START Source information
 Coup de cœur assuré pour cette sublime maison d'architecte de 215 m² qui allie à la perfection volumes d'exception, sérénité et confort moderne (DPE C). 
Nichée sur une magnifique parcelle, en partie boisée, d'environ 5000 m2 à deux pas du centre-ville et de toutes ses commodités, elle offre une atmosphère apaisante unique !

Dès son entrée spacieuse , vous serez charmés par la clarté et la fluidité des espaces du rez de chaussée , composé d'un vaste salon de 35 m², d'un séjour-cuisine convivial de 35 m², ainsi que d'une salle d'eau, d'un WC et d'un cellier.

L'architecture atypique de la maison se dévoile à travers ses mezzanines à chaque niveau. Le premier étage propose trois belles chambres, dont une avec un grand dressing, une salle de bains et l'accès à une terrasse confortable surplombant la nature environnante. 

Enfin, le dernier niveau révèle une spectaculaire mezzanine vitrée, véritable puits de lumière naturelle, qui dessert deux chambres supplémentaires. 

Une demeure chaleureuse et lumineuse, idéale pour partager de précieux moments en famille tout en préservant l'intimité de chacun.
END Source information
**What you need to do**
Could you write out the material above exactly as it appears?

**Result for this exercise**
 Coup de cœur assuré pour cette sublime maison d'architecte de 215 m² qui allie à la perfection volumes d'exception, sérénité et confort moderne (DPE C). 
Nichée sur une magnifique parcelle, en partie boisée, d'environ 5000 m2 à deux pas du centre-ville et de toutes ses commodités, elle offre une atmosphère apaisante unique !

Dès son entrée spacieuse , vous serez charmés par la clarté et la fluidité des espaces du rez de chaussée , composé d'un vaste salon de 35 m², d'un séjour-cuisine convivial de 35 m², ainsi que d'une salle d'eau, d'un WC et d'un cellier.

L'architecture atypique de la maison se dévoile à travers ses mezzanines à chaque niveau. Le premier étage propose trois belles chambres, dont une avec un grand dressing, une salle de bains et l'accès à une terrasse confortable surplombant la nature environnante. 

Enfin, le dernier niveau révèle une spectaculaire mezzanine vitrée, véritable puits de lumière naturelle, qui dessert deux chambres supplémentaires. 

Une demeure chaleureuse et lumineuse, idéale pour partager de précieux moments en famille tout en préservant l'intimité de chacun.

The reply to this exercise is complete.